There is a ridiculous fundament to the story – especially once Laura and Felix jet off to Mexico to spy on Dean’s suspect last-minute “business trip” – but this near-silliness is held firm by the endearingly prickly two-hander between Jones and Murray. Jones, having been long in search of a worthy leading movie role for herself, is an effortlessly sympathetic protagonist, not only per her marital strife but also in having to put up with her half-charmer, half-blowhard of a father, played with all the relish you’d expect by Murray.
The film pops to life when Murray shows up and it’s more-or-less his to own for the remainder, which is almost a shame given that he unavoidably wrestles the spotlight away from Jones through his sheer innate magnetism. While his work here isn’t any sort of substantial spiritual riposte to his Oscar-nominated work in Coppola’s Lost in Translation, it is an exceptionally entertaining piece of work all the same.

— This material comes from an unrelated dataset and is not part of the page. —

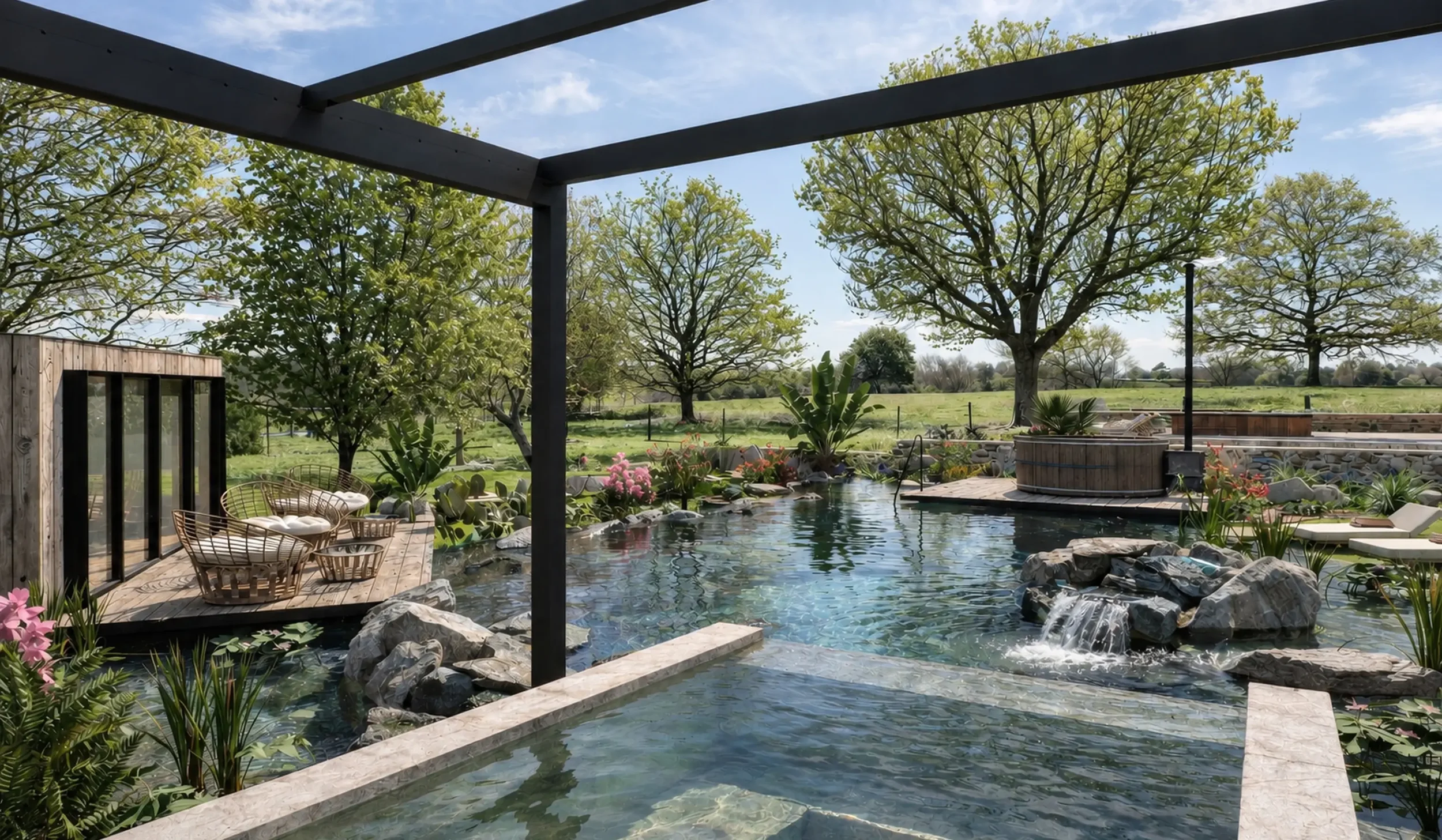 Homefield Grange spa garden with natural swimming pool, hydrotherapy areas and countryside views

Murray braces Felix nimbly between being the sort of questionably flirtatious character who isn’t so favourable in today’s culture, and a man who is at least overflowing with enough wisdom about the agonies of life to not seem like a dinosaur overdue his extinction. Murray has been a master of flattened deadpan throughout his career, and it allows him to sublimate feeling just beneath the surface with a seemingly effortless ease – though one suspects it’s really anything but effortless.
In the supporting stakes, it’s great to see Marlon Wayans back in a quality project for the first time in forever – his superb turn in Darren Aronofsky’s Requiem for a Dream back in 2000 having suggested a very different potential career path for the actor. While far from a showy role, he plays the part with the carefully calibrated subtlety that it requires to keep the central mystery ongoing, the sort of actorly calculation most had likely forgotten he was even capable of.
Elsewhere, Jessica Henwick is striking in an admittedly wafer-thin role as Dean’s suspected lover, and Jenny Slate makes a fun-obnoxious interstitial cameo as a self-involved fellow parent who vomits her unsolicited stream-of-consciousness self-observations at Laura in all of her brief scenes.
On the Rocks isn’t awash in grand profundities nor does it bang the feminist drum in quite the way some may be hoping for, but with its grounded examination of modern marital dynamics, its well-drawn characters, and its sharp cast, it’s 96 minutes of breezy middle-brow entertainment.
A frothier joint than many Coppola fans will surely be expecting, but also quietly defiant in its own way, and performed with spritely glee by Bill Murray in particular.